Patients see televisits as a personal touch, something akin to the house calls doctors made in decades past.  This is hugely promising for adherence, continuity of care and the general health of our patients living with asthma and allergies.

Other flexibilities would also be helpful.  For example, certain drugs have historically required our Medicare patients to go to the hospital for administration.  Our small clinic can’t shoulder the cost of Medicare’s buy-and-bill approach, where offices purchase thousands of dollars of injected or infused biologic medicines and bill them back as patients require them.  Instead, we would evaluate the patient, prescribe the medication and arrange for the patient to receive the drug at the local hospital.
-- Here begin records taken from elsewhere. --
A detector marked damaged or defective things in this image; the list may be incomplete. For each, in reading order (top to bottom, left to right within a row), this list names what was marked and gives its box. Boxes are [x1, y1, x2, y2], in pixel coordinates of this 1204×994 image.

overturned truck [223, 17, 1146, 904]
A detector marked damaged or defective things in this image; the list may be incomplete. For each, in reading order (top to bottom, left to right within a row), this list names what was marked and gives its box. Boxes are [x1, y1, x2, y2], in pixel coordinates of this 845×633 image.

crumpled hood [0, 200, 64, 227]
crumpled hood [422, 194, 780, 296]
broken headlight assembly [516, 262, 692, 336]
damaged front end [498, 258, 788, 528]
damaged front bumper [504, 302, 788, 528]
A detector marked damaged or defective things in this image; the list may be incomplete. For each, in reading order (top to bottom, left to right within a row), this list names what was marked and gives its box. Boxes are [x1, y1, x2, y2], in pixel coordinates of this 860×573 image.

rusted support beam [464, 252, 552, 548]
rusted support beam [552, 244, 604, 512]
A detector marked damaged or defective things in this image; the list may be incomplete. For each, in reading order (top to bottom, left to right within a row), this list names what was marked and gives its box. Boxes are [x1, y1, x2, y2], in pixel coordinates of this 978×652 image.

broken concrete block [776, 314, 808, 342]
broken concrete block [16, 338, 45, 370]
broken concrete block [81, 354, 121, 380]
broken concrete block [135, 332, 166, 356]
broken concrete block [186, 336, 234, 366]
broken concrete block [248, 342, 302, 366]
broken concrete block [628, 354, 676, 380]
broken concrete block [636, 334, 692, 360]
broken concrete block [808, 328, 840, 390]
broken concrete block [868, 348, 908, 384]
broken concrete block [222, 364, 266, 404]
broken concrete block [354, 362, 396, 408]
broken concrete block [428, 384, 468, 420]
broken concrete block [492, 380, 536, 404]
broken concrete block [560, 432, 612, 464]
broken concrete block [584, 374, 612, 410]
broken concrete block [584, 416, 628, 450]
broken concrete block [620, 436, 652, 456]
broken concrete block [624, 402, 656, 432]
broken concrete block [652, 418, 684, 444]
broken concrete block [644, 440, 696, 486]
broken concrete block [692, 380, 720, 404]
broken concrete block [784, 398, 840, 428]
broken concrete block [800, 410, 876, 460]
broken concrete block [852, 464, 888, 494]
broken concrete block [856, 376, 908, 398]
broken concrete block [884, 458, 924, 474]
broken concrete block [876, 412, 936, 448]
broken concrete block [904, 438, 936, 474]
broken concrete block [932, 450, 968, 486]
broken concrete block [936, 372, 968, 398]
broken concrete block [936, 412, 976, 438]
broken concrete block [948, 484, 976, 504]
But patients aren’t eager to visit a hospital under current circumstances.  As an alternative, we’d like the ability for patients to pick up the medication, either from a pharmacy of a hospital pick-up location, and have it administered in our office instead.  Allergists have pleaded our case to regulators, but the challenge remains.

The pandemic has led us all to question what in our lives is essential and what’s optional or even frivolous.  I’d encourage patients to see care for chronic conditions as essential.  I certainly see allergy and asthma clinicians as essential providers.  I know that together, with clear communications and a little creativity in how we provide care, we can keep patients both safe and healthy – and, with any luck, out of the hospital.